In the popgetter library, the pipeline which publishes (meta)data in the correct format is constructed using sensors. These sensors monitor a list of specified assets for materialisations, and will publish their return values in the correct format when new materialisations are observed. (As a bonus, if any of your assets do not have the correct return types or do not satisfy any of the extra stipulations above, the sensor will raise an error.)
If the ENV environment variable is set to prod, the sensors will publish the
data to an Azure blob storage container; otherwise, the data will be published
to $DAGSTER_HOME/cloud_outputs. To publish to Azure you will also need to set
the additional environment variable SAS_TOKEN.
To attach your newly defined assets to the sensors, all you need to do is to import the following decorators:
from popgetter.cloud_outputs import (
send_to_metadata_sensor,
send_to_geometry_sensor,
send_to_metrics_sensor,
)
and decorate your assets with these. The three metadata assets will use the
send_to_metadata_sensor decorator, and likewise for the others. Note that this
decorator expects an asset as an input, so the decorator must be applied as the
outermost decorator, i.e. above Dagster's @asset decorator. For example:
@send_to_metadata_sensor
@asset(...)
def country_metadata():
return CountryMetadata(...)
Country base class
To simplify the process of defining the assets and the associated relationships
between them, we provide a Country base class which you can inherit from.
These abstract away most of Dagster's implementation details, and mean that you
only need to write the actual Python functions to process the data. For example,
instead of the country_metadata asset above, you could write:
from popgetter.assets.country import Country
class MyCountry(Country):
def _country_metadata(self, context):
return CountryMetadata(...)
my_country = MyCountry()
country_metadata_asset = my_country.create_country_metadata()
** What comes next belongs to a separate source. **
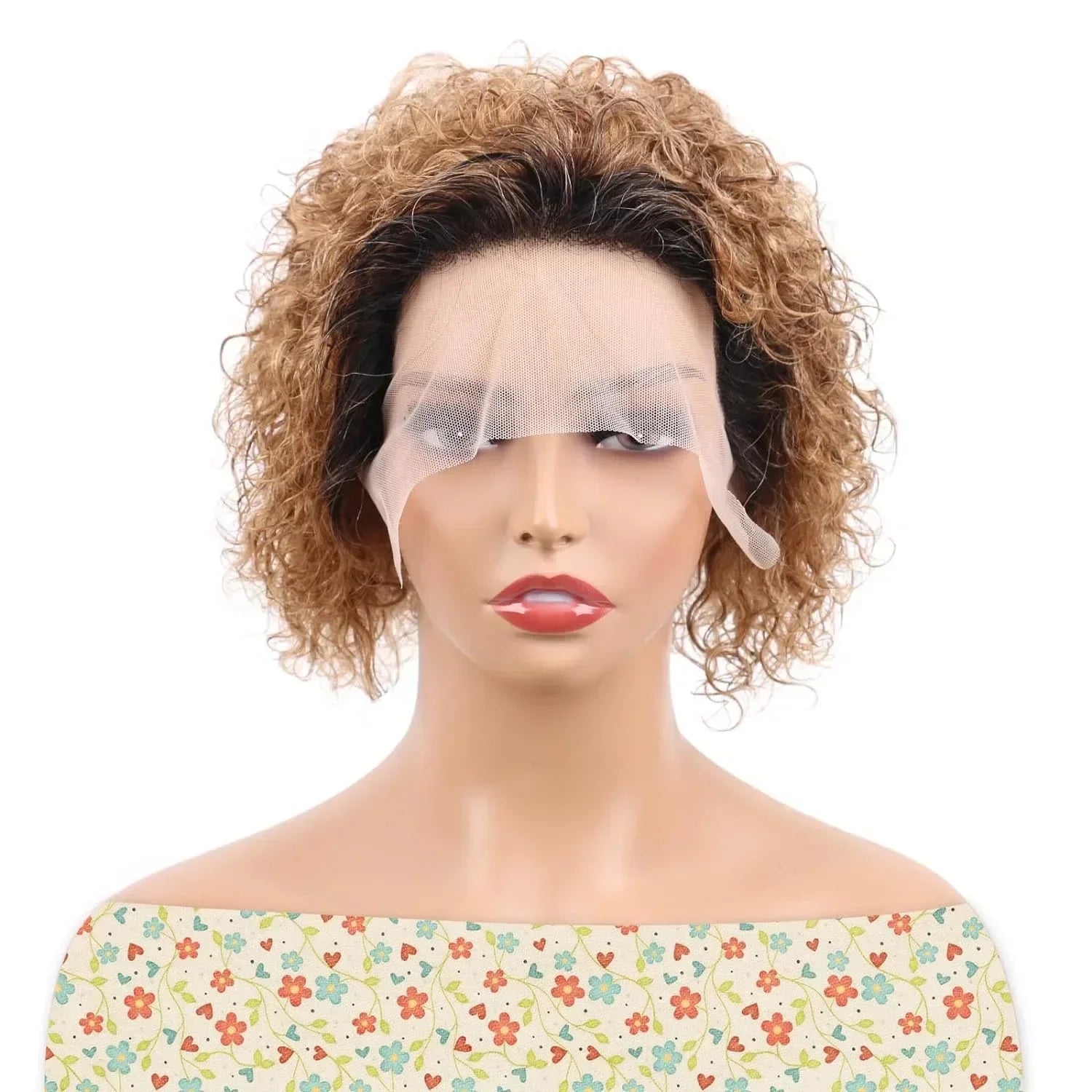 Short Curly Pixie Cut Human Hair Lace Front Wig - 13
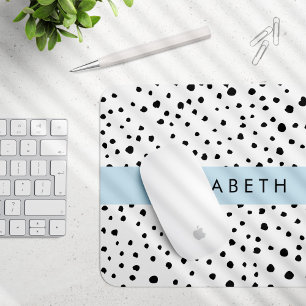 Dalmatian Dots, Spots, Black and White, Your Name Mouse Pad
The create_country_metadata method will generate a Dagster asset and register
it with the metadata sensor for you. The reason why this line is necessary is
that Dagster can only detect assets which are defined at the top level of any
module: so, calling this method binds an asset to a top-level definition which
can then be picked up.
For an example of this, see the implementation of Northern Ireland data in
python/popgetter/assets/ni.
Naturally, the implementation of this base class makes some assumptions about the structure of the data and the relationships between them. We have found these to be applicable across multiple countries we have worked with. However, if these are not suitable for your data, you can still define the assets manually as shown above! It is also possible to override part of the base class with manual asset implementations to include variations from the structure assumed by the base class.